5 Learning Management Systems (LMS) for Effective Learning

5 Learning Management Systems (LMS) for Effective Learning

Businesses rely on talent to generate and sell value. Without skilled people to create its products, manage its operations and execute its strategies, a business would inevitably fizzle out of the game and leave better-staffed competitors to take the field.

This is the reason why ambitious companies go great lengths to attract top talent,[1] shelling out millions of dollars in the process and bending traditional work policies just to bring highly skilled but demanding candidates into the fold.

Clearly, the contours of business are changing. But so are the demographics of work.

Millennials have become the dominant generation in the job market in terms of population, and some have already transitioned into leadership roles. Most millennials consider opportunity to learn and grow more important than overall compensation.[2]

Companies also today expect employees to come equipped with razor sharp business acumen.[3] Unfortunately, there is an alarming discrepancy between the actual skills businesses need and those currently possessed by job candidates.

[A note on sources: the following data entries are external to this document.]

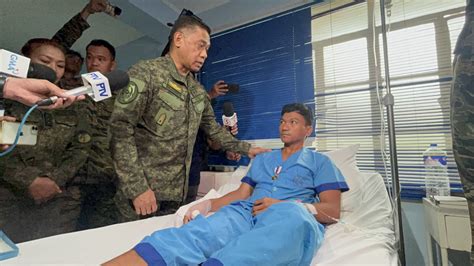 Marcos awards soldier who lost a finger during an encounter with .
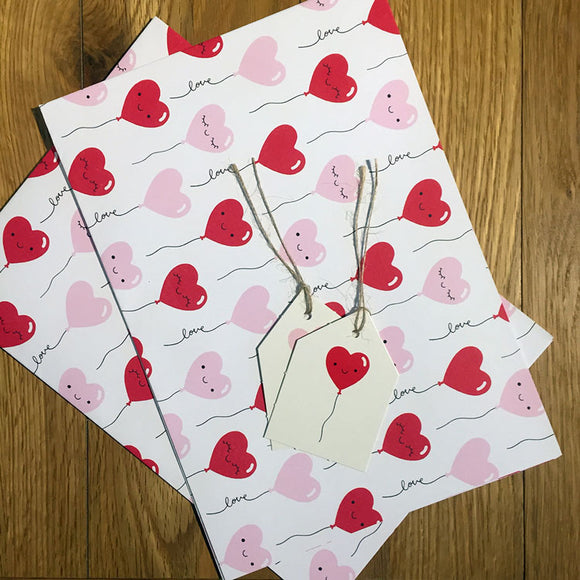Recyclable heart-patterned wrapping paper with matching tags.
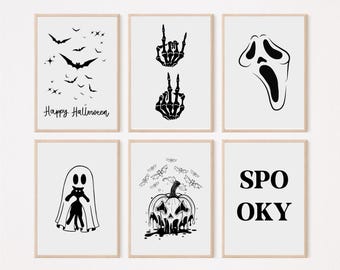May include: Six black and white Halloween themed printable art prints. The prints feature bats, skeletons, a ghost, a pumpkin, and the word "Spooky".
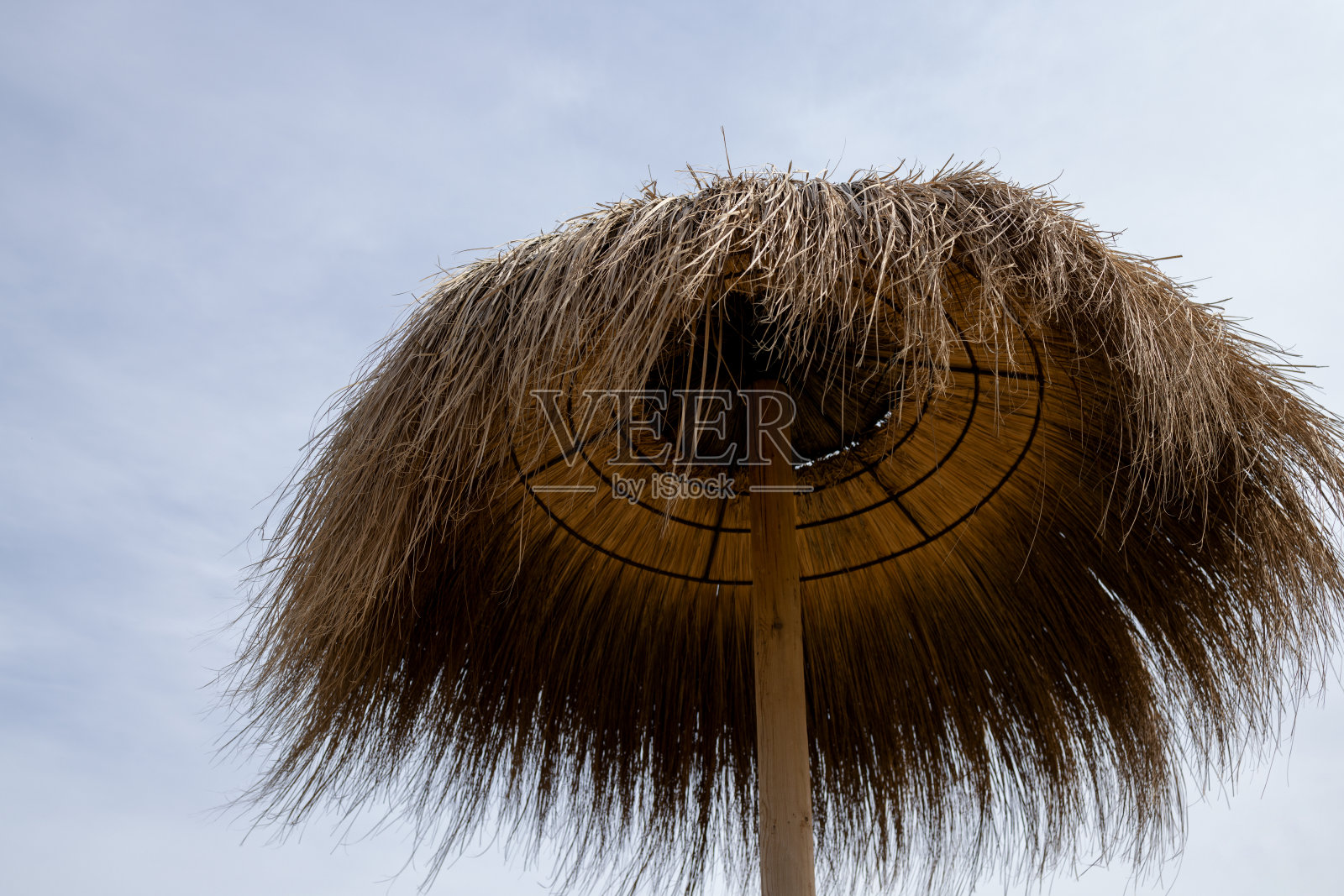 沙滩上的芦苇伞顶，映衬着多云的天空照片摄影图片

To stay in the game, employers need to continually upgrade their training and skills development strategies to cover the entire employee lifecycle.

What are Learning Management Systems (LMS)?

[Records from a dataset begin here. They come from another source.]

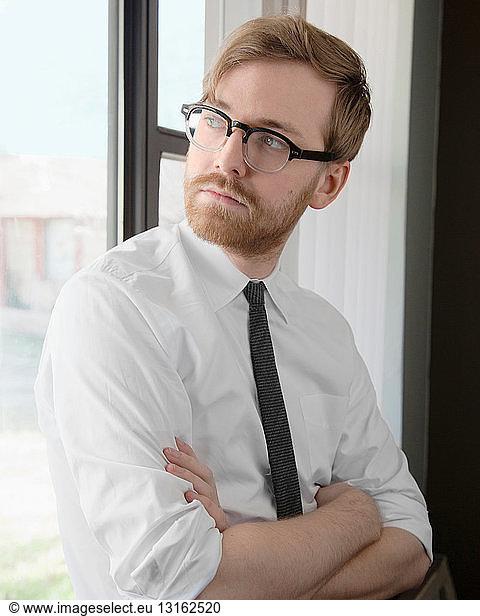 Young man wearing spectacles and tie looking away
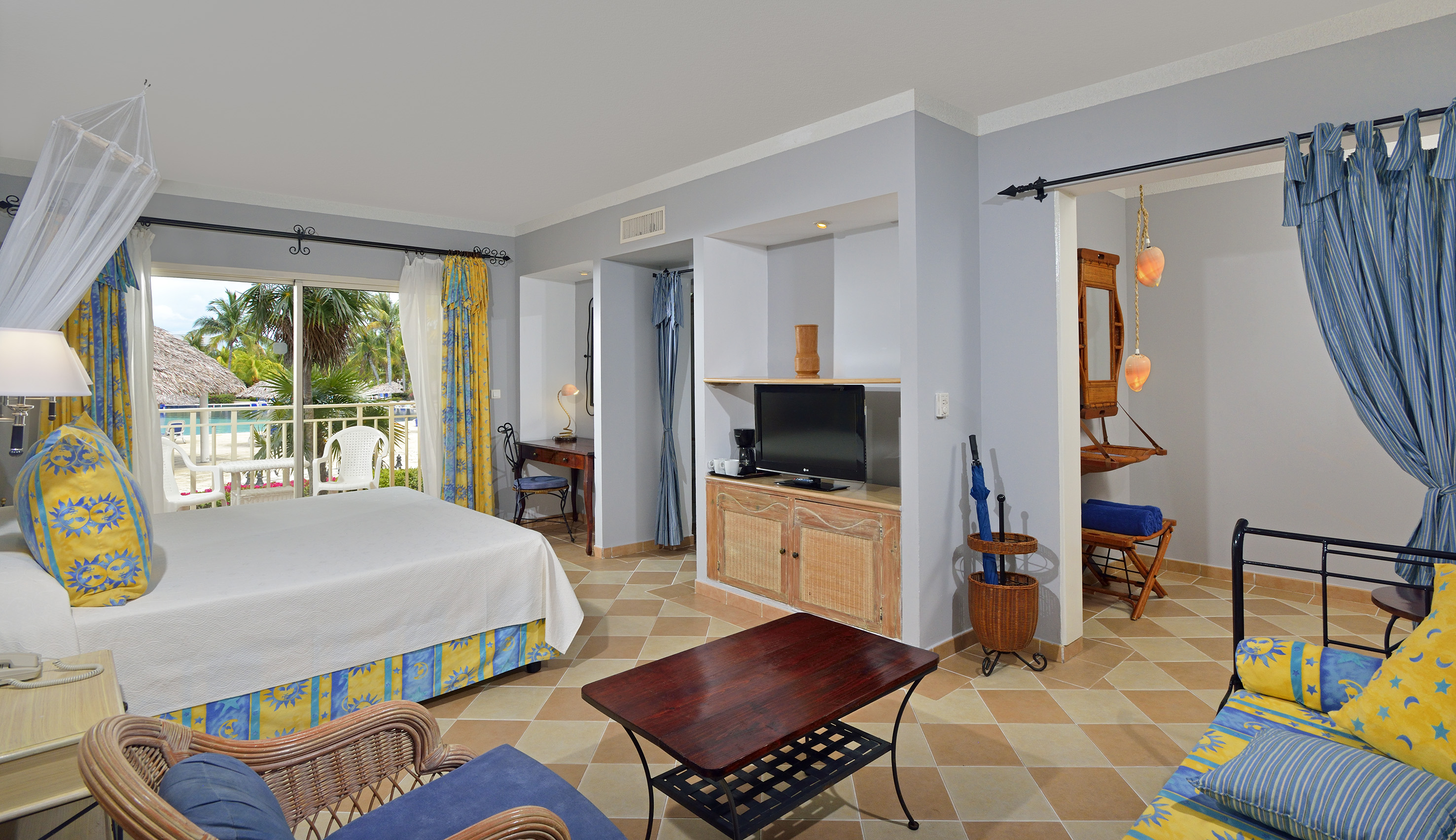 a room with a bed and a television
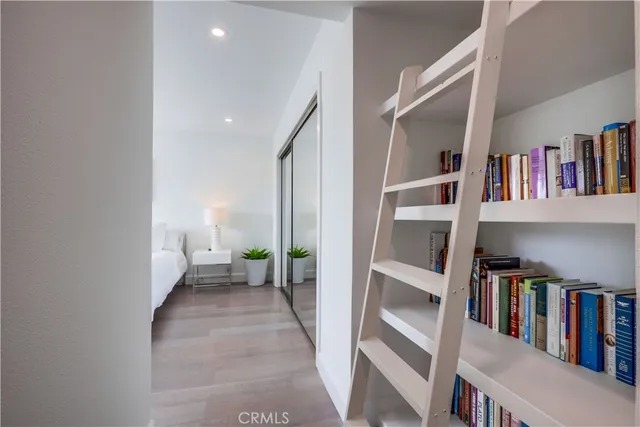 a bedroom with a bed a tv and wooden floor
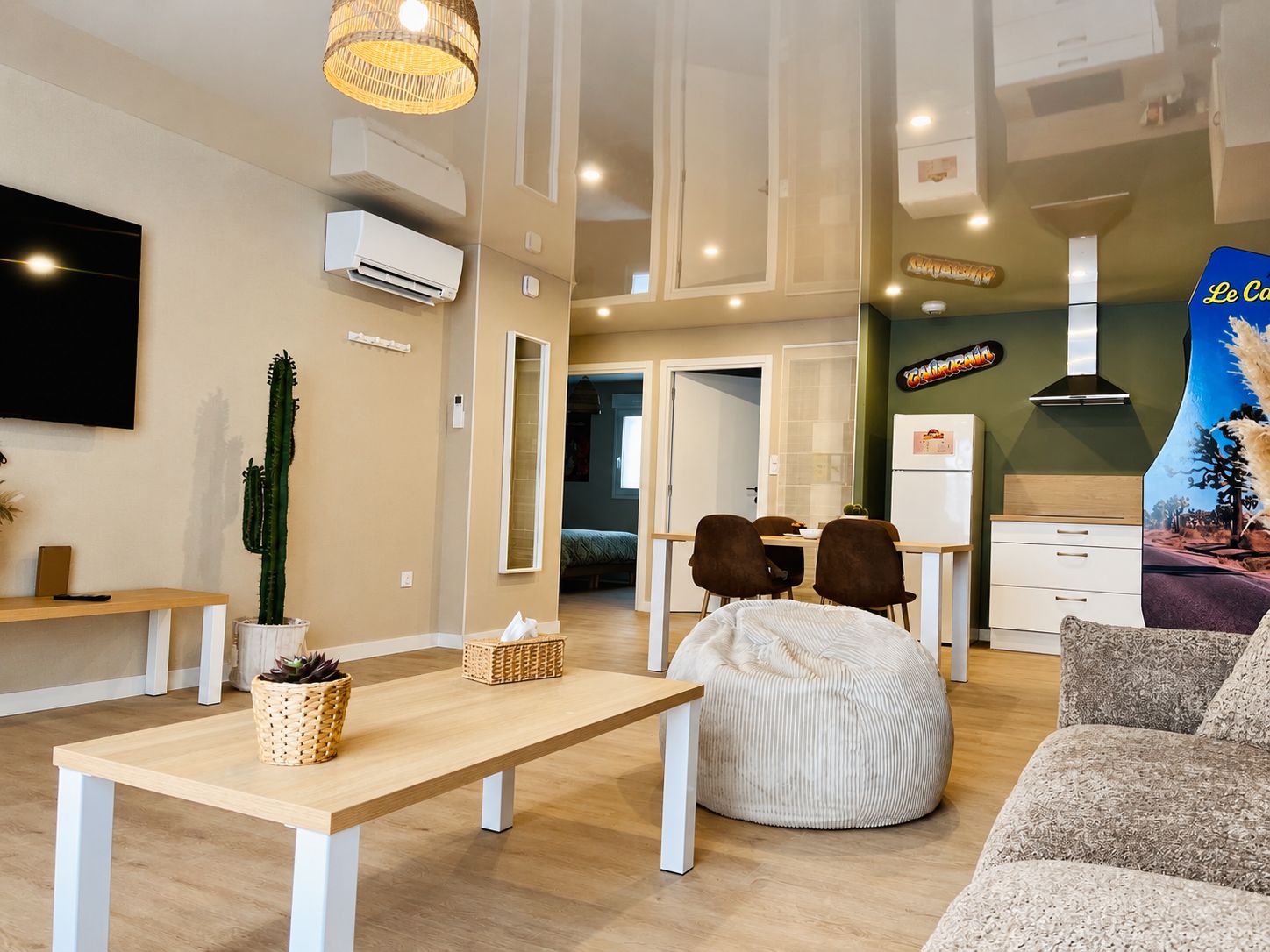 A modern living room with a sofa, bean bag, and a dining table.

Learning management systems are software-based solutions for authoring, presenting, consuming, storing, and tracking educational content and training materials. These systems aim to centralize all instructional content (e.g., lessons, training modules, instructional videos, presentation slides, worksheets, online quizzes, ebooks, takeaway notes, etc.) in one place.

LMS enable instructors to design and deliver learning experiences to students, with the added capability of evaluating the effectiveness of the instructional materials and grading the learning progress of students.

On the other side of the equation, learners use LMS to develop skills and acquire new knowledge virtually anytime and anywhere via the different channels and content formats made possible by digital technology.

Over the years, a wide range of features and technologies have been integrated into learning management systems to help enhance the experience of training designers, instructors, and learners. These include cloud and mobile technology, artificial intelligence, responsive design, scheduling, gamification, data analytics, and interoperability with other applications.

5 Best All-Purpose Learning Management Systems

There are dozens of LMS vendors catering to the general market or to specific segments such as K-12 learning, higher education, and corporate training.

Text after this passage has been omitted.